25 April 2014

Do you want an acting job?

West End Production of The  Gruffalo - Josie's first job was in TIE

by Melanie Ash

So you want to be an actor.  You’ve attended classes, signed with an agency, maybe you’ve gone to university, drama school or 6th form college.  You are full of it!  You have so much enthusiasm, talent and determination. Enough dreams of stardom to make even the saddest x factor contestant look like they don’t really want it – not like you do.

So what ‘s going wrong? Why are you not working?  How come the girl from your class is now on Hollyoaks – she wasn’t even as good as you?

This blog is designed to give you a few tips, a few home truths and some honest advice on how to optimise your chances of getting work.

Firstly – please please stop writing to agents and casting directors letters saying ‘I want to be taken as a SERIOUS actor’.  What does this mean?  Yes actors are rather fabulous and fun (if a little narcissistic) but ALL actors want to be taken seriously.  This one sentence says more about your mental health than it does about your talent.  The subtext to this rather sweeping and ill thought determination is ‘I want to be taken so seriously I never have to do a commercial, soap or TIE and just walk straight into a Jimmy McGovern drama with Sarah Lancashire’ ……………..which leads beautifully onto my next point.

Stop being a snob!  There is absolutely nothing wrong with doing theatre in education (TIE), or commercials or soaps.  I always find it incredible that it’s the same actors that refuse to do TIE that spend hours being an extra yet maintain they are acting for a living!  Wake up call!  Being an extra is not the same as being an actor.  The confidence to be gained from going on tour in TIE is  second to none.  It’s much more worthwhile than sitting in an office temping, sitting on set as an extra or calling your agent moaning about having no work.  Skills and personality traits it will give you for your future career in Hollywood include gaining confidence, a thick skin (if you can sing on stage to 200 kids who think you are absolutely rubbish, are shouting rude words and throwing things at you-you can meet the rudest of directors) , a strong work ethic, patience, compassion (touring in a van and living with 5 other farting and emotionally challenging actors for 12 weeks will either make you or break you).  On a serious note you will learn more about characterisation, playing your objective, the use of silence, projection, timing etc than you’ll learn in 12 months being an extra.  It’s the nearest thing you’ll get to Rep Theatre – where all our greatest actors got their training.  Google Rep – it was hard work but it was great training for actors.  And guess what?  It’s a job on your CV which means I can tell the casting director that you are a professional working actor and NOT a nobody dreaming of fame.

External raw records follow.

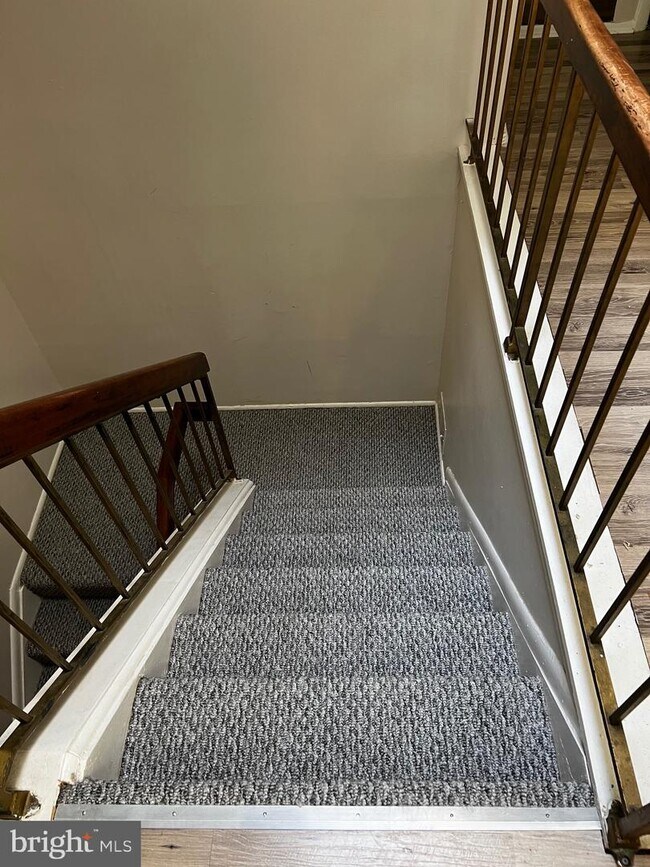 Building Photo - 50 Stonegate Dr
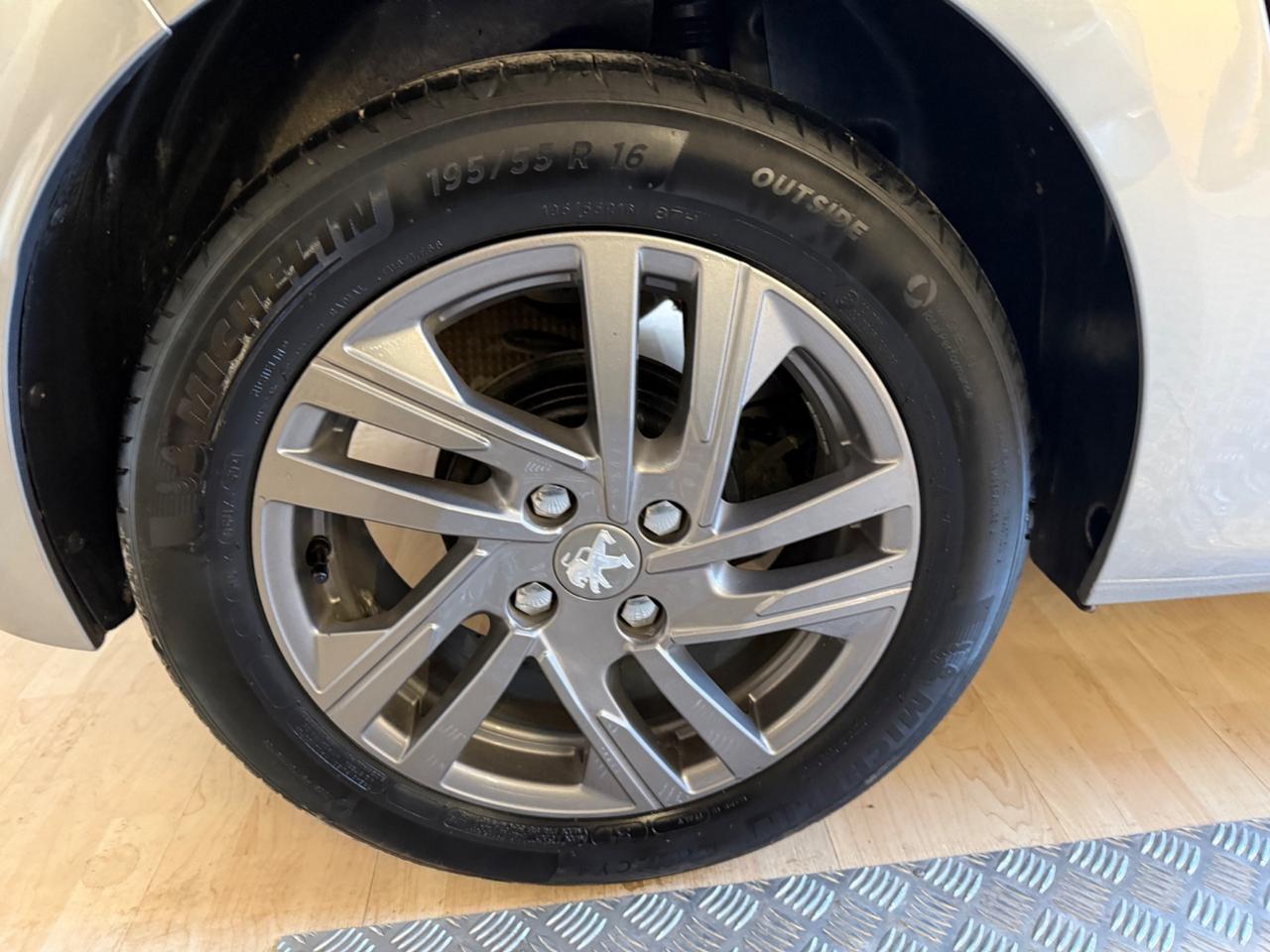 Peugeot 208 PureTech 75 Stop&Start 5 porte Allure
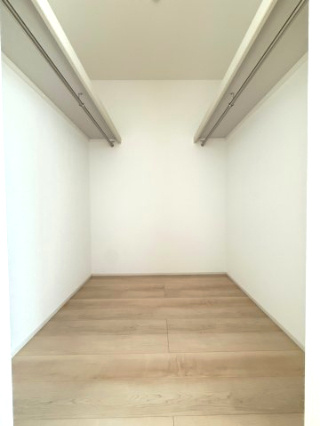 富士市天間 第１　新築戸建　全4棟　2号棟の洋室|季節の衣類や趣味の道具などをしっかり収納できます♪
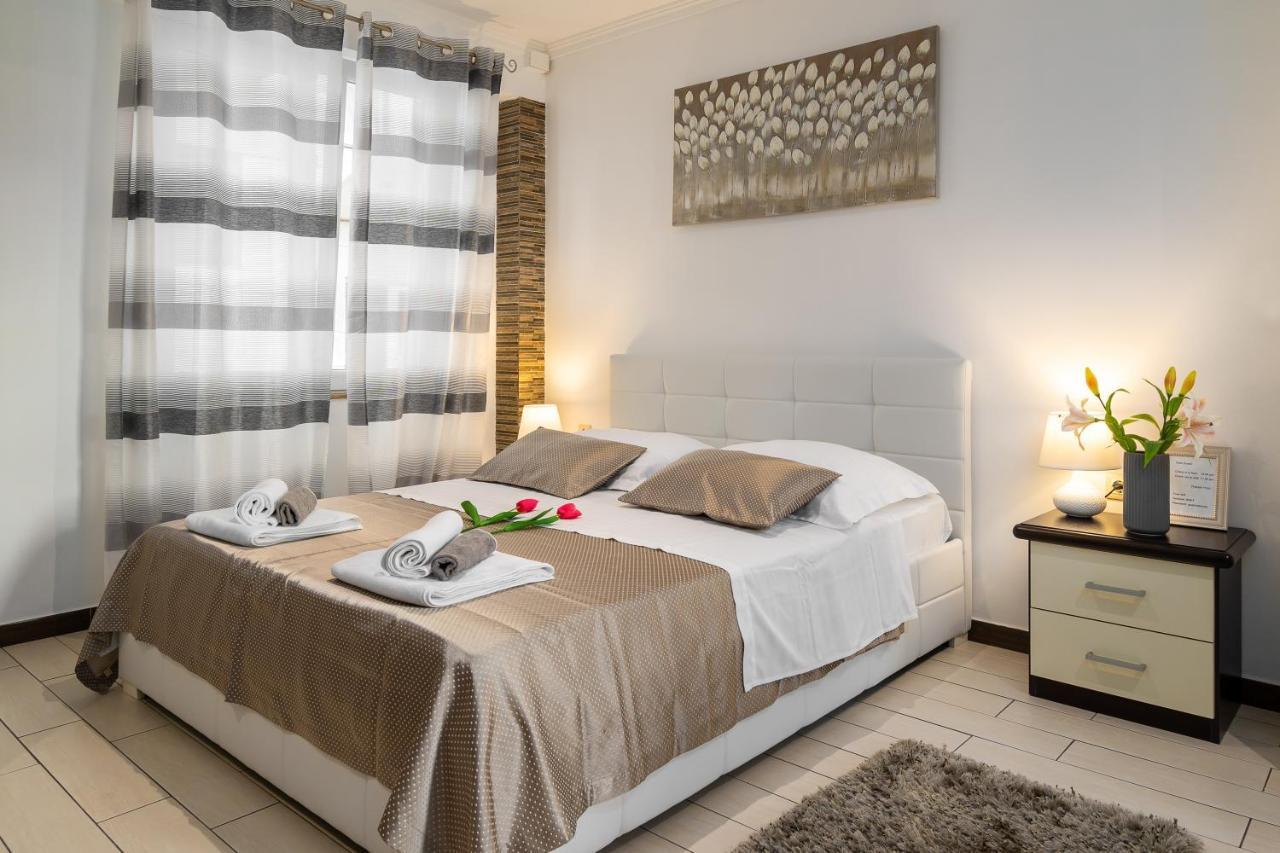 Studio Apartment La Luna Сплит Экстерьер фото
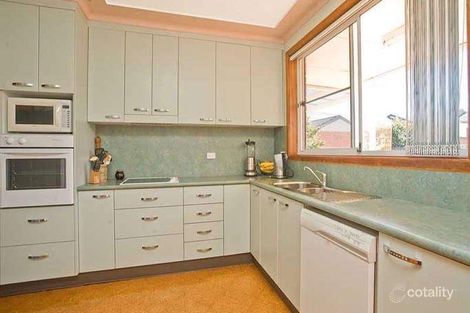 Property photo of 27 Denise Crescent Peakhurst NSW 2210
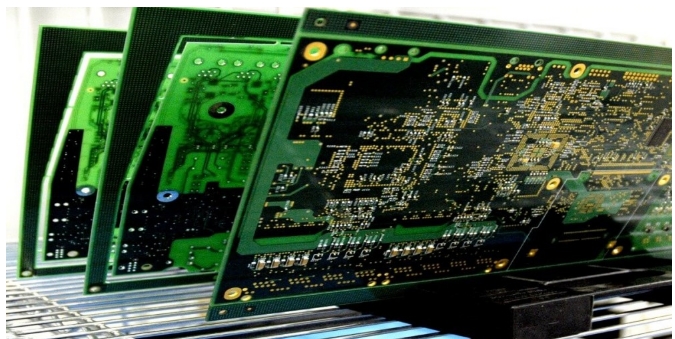 High-Quality Custom PCB Manufacture Solutions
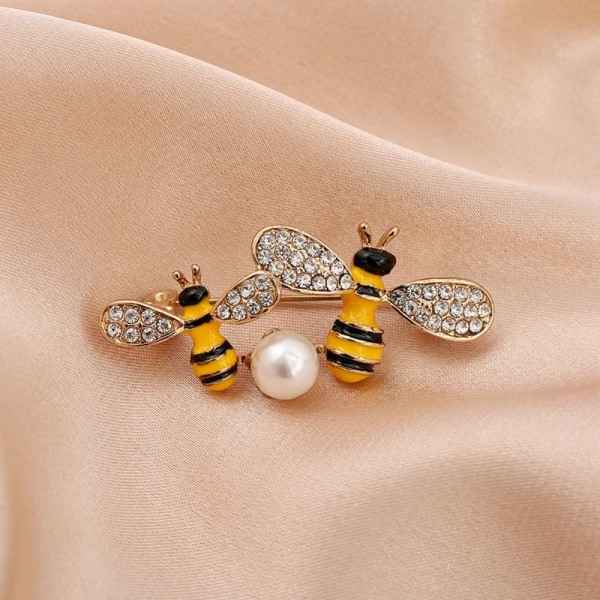 3 stk Pearl Bee Corsage Krystallbrosje B B B
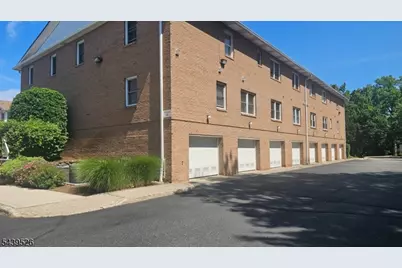 105 Newark Pompton Tpke #13, Pequannock Township, NJ 07440 - Photo 3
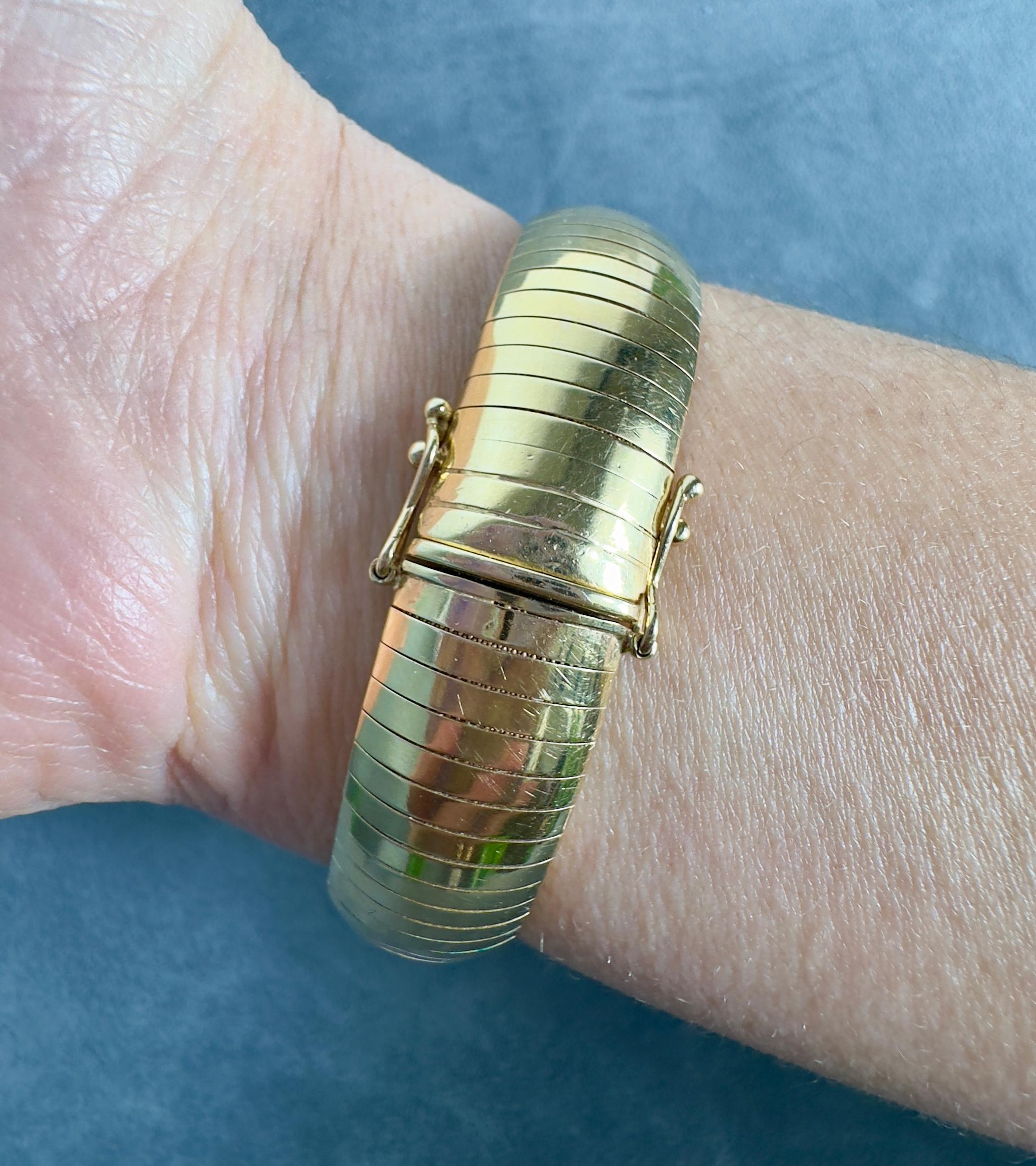 Vintage 14k Yellow Gold 13.8mm Omega Flex Bangle Bracelet 5
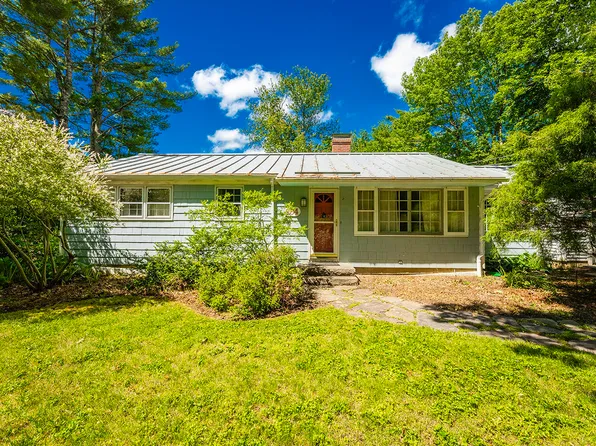 184 Mountain Street, Camden, ME 04843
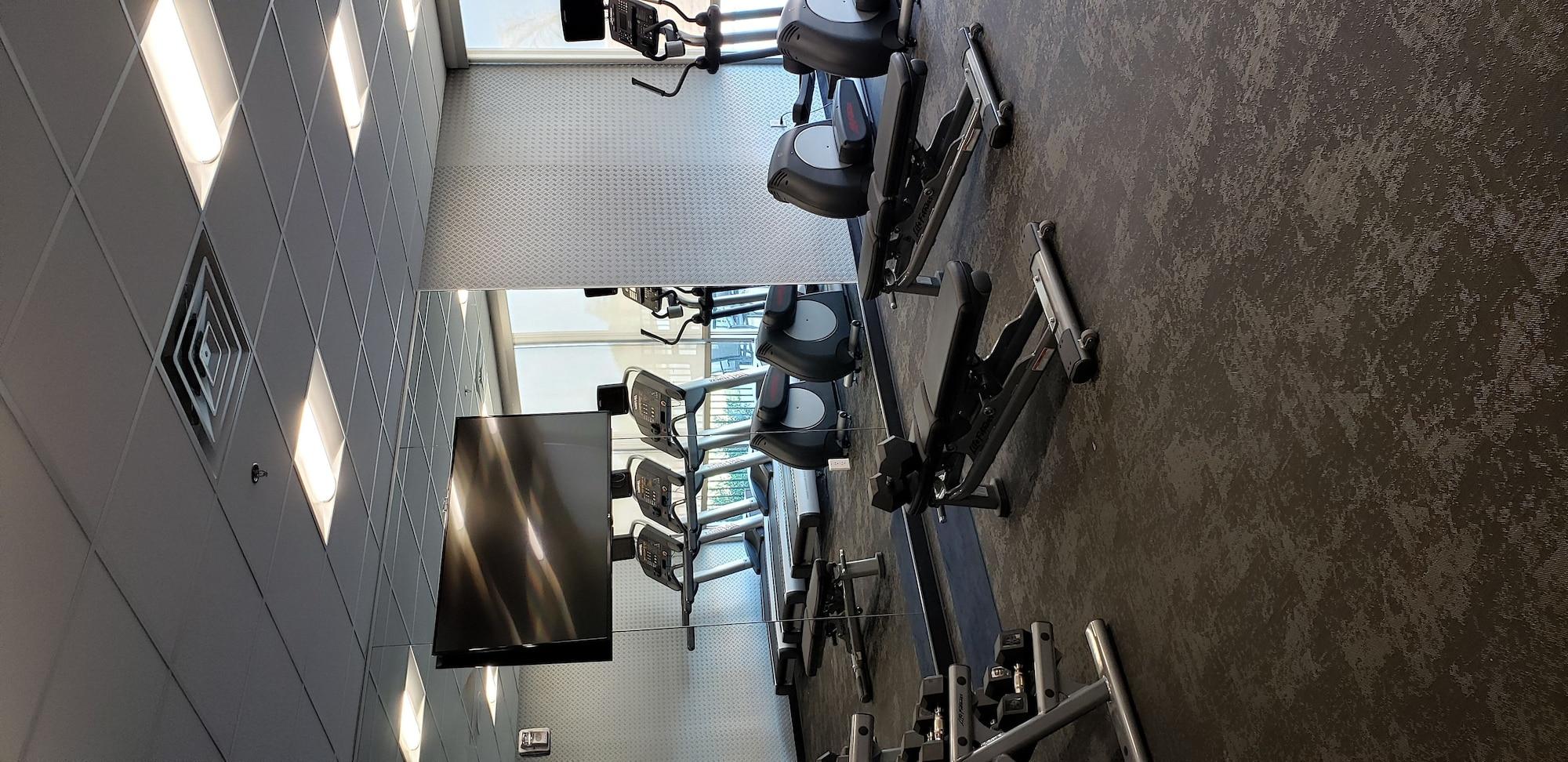 Hotel Fairfield & By Marriott North 3*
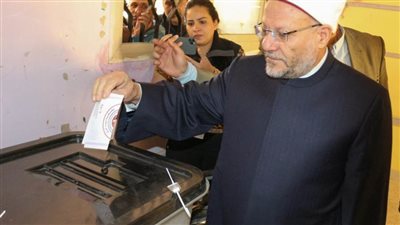 مفتي الجمهورية يُدلي بصوته في الانتخابات الرئاسية ويؤكد: المشاركة واجب وطني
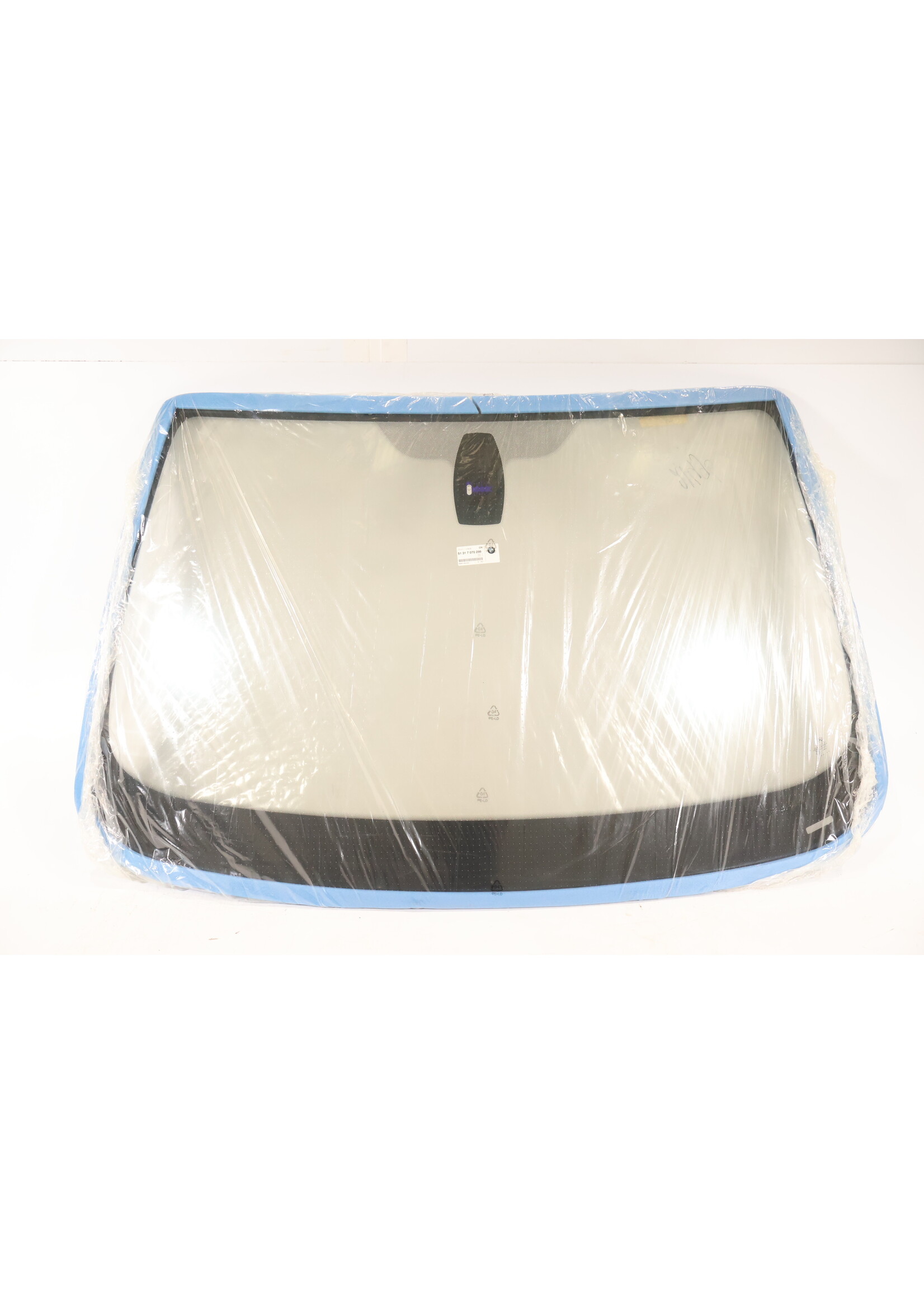 BMW BMW 5er E60 E61 Original neue Windschutzscheibe mit Regensensor / HUD 51317070298 7070298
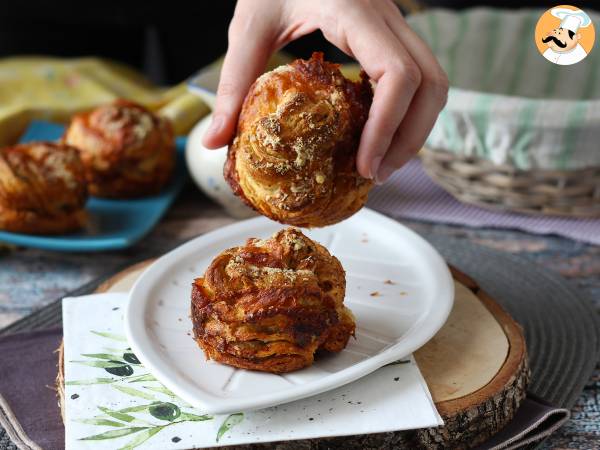 Cruffins, de combinatie van een croissant en een muffin, in dit geval gezouten met parmezaan en mozzarella. - foto 3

Next up – it’s ok to do a couple of short films for free.  Choose your scripts carefully, they can be used as a showreel, some students may agree to put you a showreel together in exchange for you working on their film.  I am not convinced drama schools, 6th forms etc give actors enough training in acting for TV and film.  Nothing compares to the experience you get on set without the pressure of the  whole nation seeing that dodgy thing you do with your eyebrows on close ups.  You need to have your technique perfect by the time you are filming on Casualty.  You need to know what works, how to work your camera angles, how to turn on the emotion when filming  out of sequence with a mega famous actor after a night on the pop (you had to go out – when you gonna be invited out with such beautiful, charming and famous actors ever again?)

Finally, when you do get a casting please please please be interesting!  Every casting director already knows that you want to be an actor, that you are obsessed with it, that you are doing EVERYTHING you can to make it happen.  What they want is someone who can say the lines as if they mean it, react (and show the reaction)  and is the kind of person you wouldn’t mind having a brew and a slice of cake with.  Tell them something interesting that’ll make them remember you – an acecdote, a charming story that is self effacing and that would endear even the toughest casting director. If that doesn’t work?  Compliment her on her shoes or ask what footy team he supports (and keep everything crossed its the same as yours)!

My last  little pearl of wisdom is ask yourself why?  Why do you want to be an actor?  If its because you want to be famous – please jog along.  If you love reading a script, bringing a character to life, learning your lines, attending classes  (even if you do think you are better  than the girl from Hollyoaks) and you can handle regular dollops of rejection then it may well be the career for you.   And if that’s the case – take a good, hard long look in the mirror.  What’s different about you?  What’s unique? Stop pretending to be something you are not, work out who you are and ‘sell’ that.  You are already expected to pretend as a job – its impossible if you are already pretending to be something you are not.  Your acting will be false.  Keep it real, stay true to your beliefs, have a moral compass, be kind – to yourself and others, do 6 months TIE and trust me you’ll get there!